═══ Dataset content ═══

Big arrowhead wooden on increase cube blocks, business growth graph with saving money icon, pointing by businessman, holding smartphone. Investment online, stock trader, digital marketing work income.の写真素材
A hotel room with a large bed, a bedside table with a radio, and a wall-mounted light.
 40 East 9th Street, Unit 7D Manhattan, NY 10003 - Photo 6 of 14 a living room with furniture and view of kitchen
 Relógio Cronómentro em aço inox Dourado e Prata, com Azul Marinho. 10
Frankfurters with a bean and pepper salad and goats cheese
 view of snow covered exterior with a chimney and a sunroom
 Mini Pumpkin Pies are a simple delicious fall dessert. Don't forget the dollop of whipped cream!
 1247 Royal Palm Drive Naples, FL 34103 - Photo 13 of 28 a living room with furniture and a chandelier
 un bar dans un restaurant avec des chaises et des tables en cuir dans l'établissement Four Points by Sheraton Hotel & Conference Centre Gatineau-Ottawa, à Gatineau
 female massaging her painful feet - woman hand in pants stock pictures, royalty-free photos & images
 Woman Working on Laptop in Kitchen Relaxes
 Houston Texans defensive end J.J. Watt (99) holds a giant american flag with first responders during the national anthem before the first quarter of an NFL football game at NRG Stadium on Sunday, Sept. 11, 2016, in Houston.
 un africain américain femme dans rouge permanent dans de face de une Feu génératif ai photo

═══

Every entry must appear in the answer, reproduced exactly.

:: Output ::
Big arrowhead wooden on increase cube blocks, business growth graph with saving money icon, pointing by businessman, holding smartphone. Investment online, stock trader, digital marketing work income.の写真素材
A hotel room with a large bed, a bedside table with a radio, and a wall-mounted light.
 40 East 9th Street, Unit 7D Manhattan, NY 10003 - Photo 6 of 14 a living room with furniture and view of kitchen
 Relógio Cronómentro em aço inox Dourado e Prata, com Azul Marinho. 10
Frankfurters with a bean and pepper salad and goats cheese
 view of snow covered exterior with a chimney and a sunroom
 Mini Pumpkin Pies are a simple delicious fall dessert. Don't forget the dollop of whipped cream!
 1247 Royal Palm Drive Naples, FL 34103 - Photo 13 of 28 a living room with furniture and a chandelier
 un bar dans un restaurant avec des chaises et des tables en cuir dans l'établissement Four Points by Sheraton Hotel & Conference Centre Gatineau-Ottawa, à Gatineau
 female massaging her painful feet - woman hand in pants stock pictures, royalty-free photos & images
 Woman Working on Laptop in Kitchen Relaxes
 Houston Texans defensive end J.J. Watt (99) holds a giant american flag with first responders during the national anthem before the first quarter of an NFL football game at NRG Stadium on Sunday, Sept. 11, 2016, in Houston.
 un africain américain femme dans rouge permanent dans de face de une Feu génératif ai photo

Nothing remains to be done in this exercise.